Col. Ahmed Omar Bani said the decision to halt the rebel offensive on Bani Walid, where Gadhafi's son Saif al Islam is believed to be hiding, made it unlikely the rebels would have full control of the country before the end of September.

Bani said the rebels would maintain their siege of Bani Walid, a town of 70,000 about 100 miles south of Tripoli, while waiting for supporters inside the city to mount operations that would change the situation.

"NATO can do nothing," Bani said of the North Atlantic alliance's airpower, which has proved decisive in the rebels' advances since they began their revolution Feb. 17.

Bani accused the loyalists of shooting Bani Walid residents who try to escape. "Instead of killing 70,000 in Bani Walid, we prefer...to surround the town," he said.
...
Rebel spokesmen also have accused Gadhafi loyalists of using prisoners as human shields in Sirte.
Mummar Qaddafi is a mass murderer and serial killer that won't stop until he is dead or in prison.

Since Qaddafi has chosen that road, since he has persisted in killing civilians to the very end, he has made NATO's legal mission of protecting civilians synonymous with ending his regime.

Had he at any time targeted his fire only at the freedom fighters these Qaddafi supporters may have been able to argue NATO was overstepping it's bounds and just backing one side in a civil war. But he has not, even in his last days, he has given NATO only two choices, either abandon their mission of protecting civilians or prosecute the war until Qaddafi is put out of their misery.

NATO's mission isn't over until Qaddafi is dead or in prison.
But while the final battle has been delayed, the reconstitution of civil society is moving full speed ahead:
LIBYA: Civil society breaks through
BENGHAZI, 16 August 2011 (IRIN) - Sidelined under Muammar Gaddafi, Libyan civil society organizations are beginning to assume an important role in helping the most vulnerable in “liberated” areas.

"After 42 years of doing the wrong things, people are now doing the right things,” said Khaled Ben-Ali, head of the Libyan Committee for Humanitarian Aid & Relief (LibyanAid).

Speaking from Benghazi Ben-Ali said he had been overwhelmed by ordinary Libyans’ ability to mobilize and organize, starting new organizations from scratch.

International NGOs, too, speak with admiration of the “volunteering spirit” shown in Benghazi and other areas administered by the rebel Transitional Council. “I have seen this in other conflicts, but never with this kind of dimension,” a senior health official who preferred anonymity told IRIN.

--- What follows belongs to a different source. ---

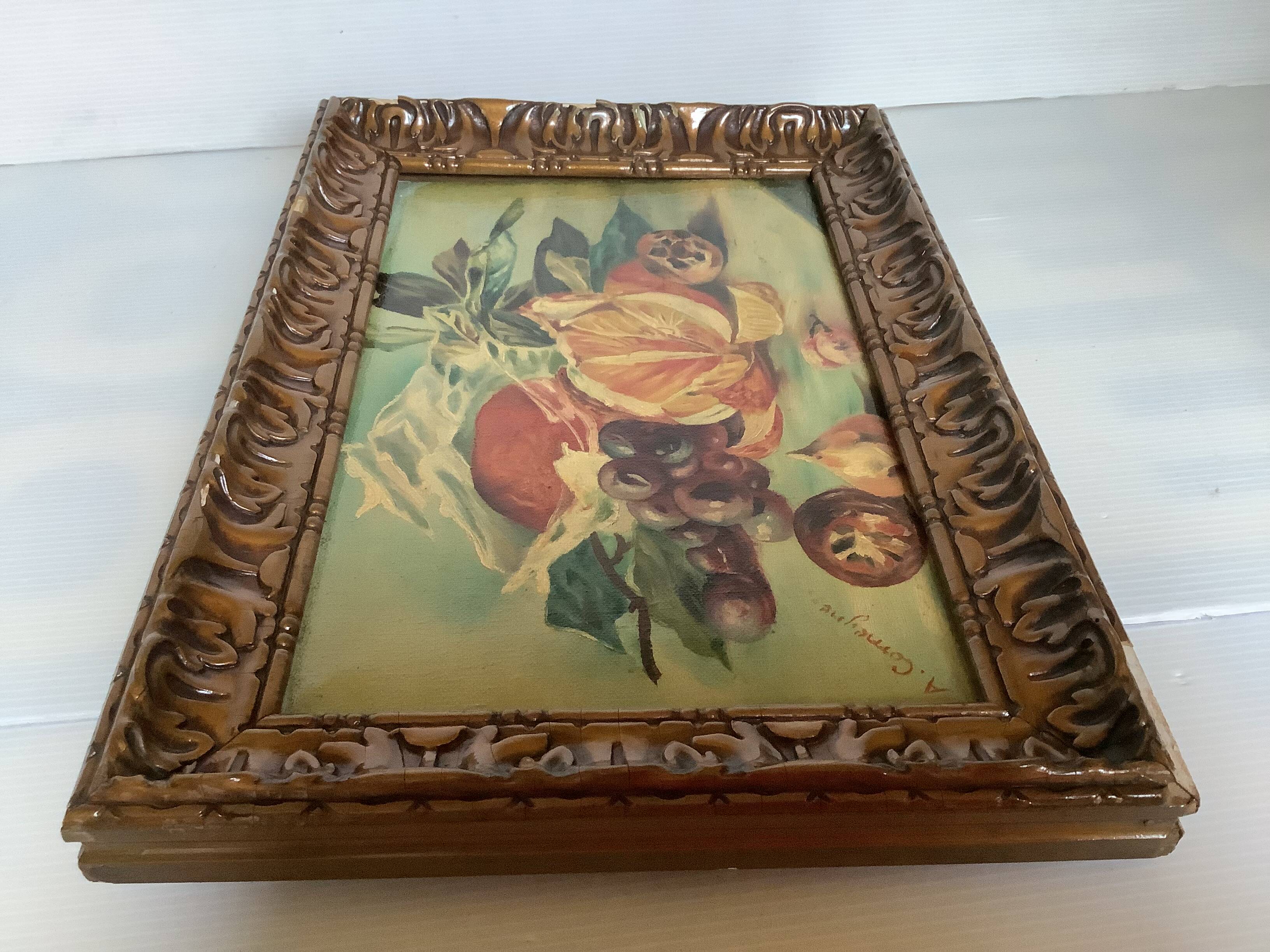 Tableau nature morte huile sur toile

“Even if we wanted to put on a children’s fair, we had to associate it with something political, related to one of Gaddafi’s claimed achievements,” said Amina Megheirbi, looking back at the attempts by fledgling Libyan civil society organizations to get their own activities off the ground prior to the events of 2011.

After an academic career in the USA and United Arab Emirates (UAE), Megheirbi now works as an English lecturer at Benghazi’s Garyounis University. But she has long combined academic duties with community work, trying to identify needs and provide assistance to the more vulnerable members of society.

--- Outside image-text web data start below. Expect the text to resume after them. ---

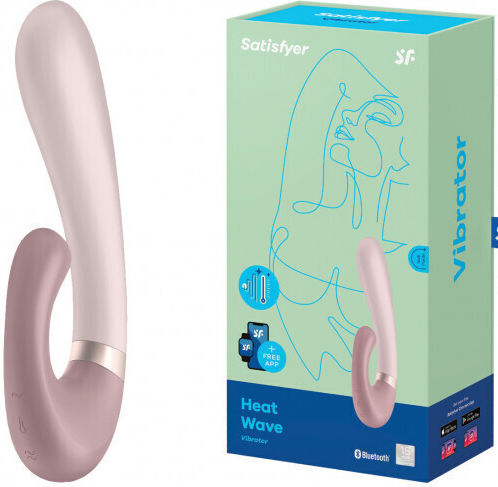 Satisfyer Heat Wave Вибратор Заек 20см Розов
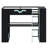 High-Profile Sleeping Platform Featuring Built-in Outlets, Smart Cable Organization, and Dynamic LED Effects-457864805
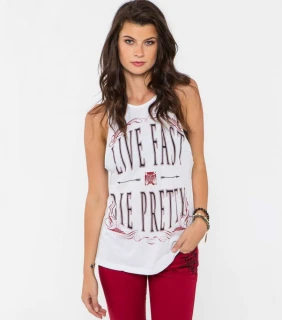 Dámské tílko Metal Mulisha MANTRA WMS - bílé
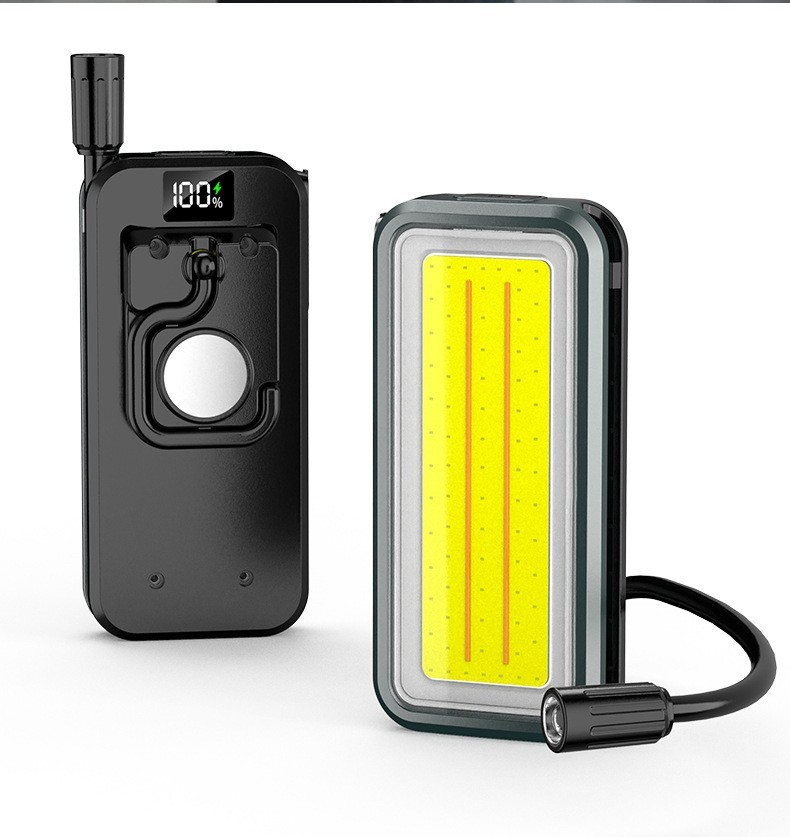6 Modes Flexible Gooseneck Work Light Magnetic LED Inspection Lamp with Screw Holding Magnet COB Rechargeable Repair Light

Trying to operate independently under Gaddafi meant dealing with a heavily centralized system, in which Gaddafi’s own famous Green Book was meant to be a sacred text and principal point of reference.

Even the Scouts, active in Libya since the 1950s, had to tread carefully, said scouting veteran Tarek Alzletny, noting that it was Gaddafi’s own organizations that had the state’s support.

Megheirbi and others endured lengthy battles to get registered by the authorities, and a climate of suspicion where individuals were constantly being vetted and quizzed on their intentions. Why did they want to help impoverished communities in a society “where there were officially no poor people”? A low profile was often essential. There was constant pressure on new groups to work under the umbrella of organizations created by the state or members of the ruling family, notably the Waatasemu Charity Association established by Gaddafi’s daughter, Ayesha.